Amen. Amen brother. Thanks so much for your time Richie. This was really great.  I'll just quickly tell you my Eagles story and, and we'll let you go. I'm from San Francisco so I grew up a Niner fan and I used to love football until I moved to Boston and spent some time out there. And I grew to hate football because of all the Patriots fans, everyone are there so it's like the worst fan city in, in, in the world I think. And so I was down in New Orleans with a friend of mine to avoid the Super Bowl because the Patriots were in it again. We're at this karaoke bar, cause it was the only bar not really, like, focused on the game and it was a drag karaoke night.

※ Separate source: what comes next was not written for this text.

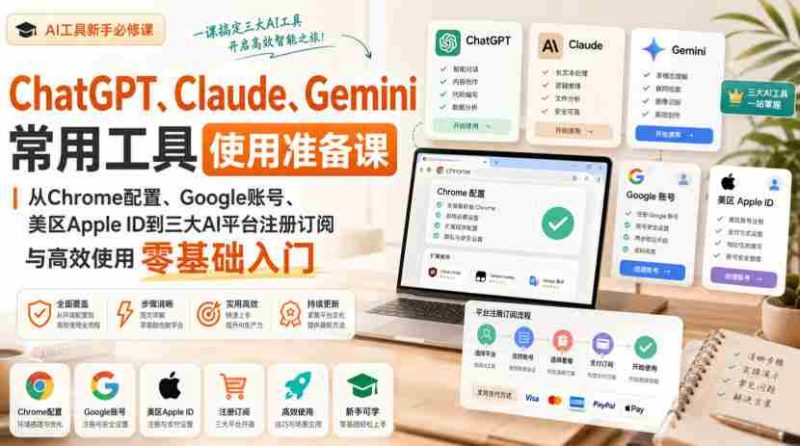 ChatGPT、Claude、Gemini常用工具使用准备课｜从Chrome配置、Google账号、美区Apple ID到三大AI平台注册订阅与高效使用零基础入门-有道网创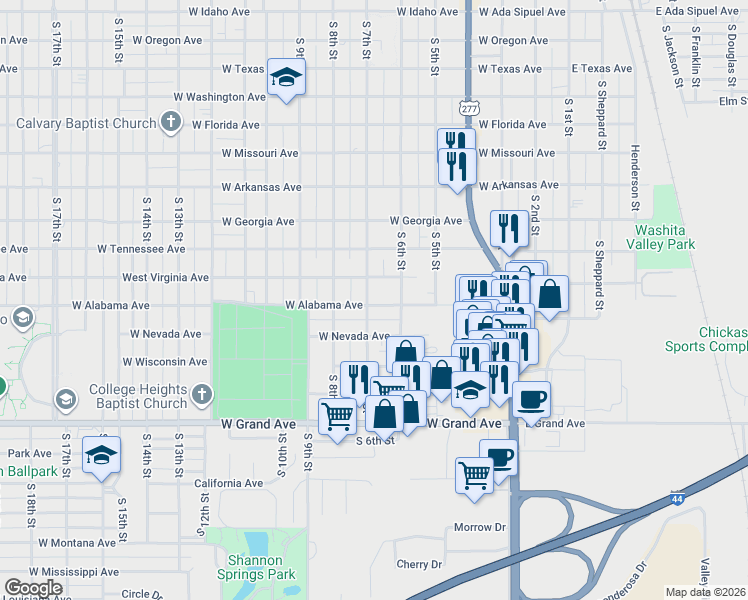 map of restaurants, bars, coffee shops, grocery stores, and more near 1627 South 7th Street in Chickasha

So all these drag queens were out and, like, really dressed up and it was great. And then all of a sudden it seemed like the Patriots might lose to the Eagles and the music stopped. The lights came up and everyone is, like, perched on stools, including the MC to try to, like, to wait for the moment when Tom Brady would actually lose one of these things. And when the Patriots lost it was just like such an, it was like an explosion of happiness in that bar. And I tell you, they, they were dressed so nicely and done up so pretty. And it was just a lot of grunting, all of a sudden, just like the most happy grunting from the drag queens, running the karaoke night at this random New Orleans bar. And that's my last happy football memory.

Richie

You know, Aaron, thank you for sharing that. That was my last happy football memory as well. I traveled home. I flew to Philadelphia from North Carolina to watch the game with my parents. And we went to the home of one of their friends and I was the only one under 70, well, I'll give my parents credit. Let's say the only one under 65 at that point. And as much as I enjoyed watching the game and I cherished that, that memory of watching it with them, I wish there had been more drag queens. It's all I'm saying.

Aaron

Yeah. It definitely makes everything a lot more fun. On, on, on that note, we can call it and thanks so much Richie, this was great. This was awesome.

Richie

Yeah. Thanks so much. Congratulations. You've now gotten the first. Sure thing, Brittany. Congratulations. You've got the first episode under your belt all up from here, right? Woo. Nowhere else to go. Yeah. All right. Take care. Stay safe out there. Bye now. Bye.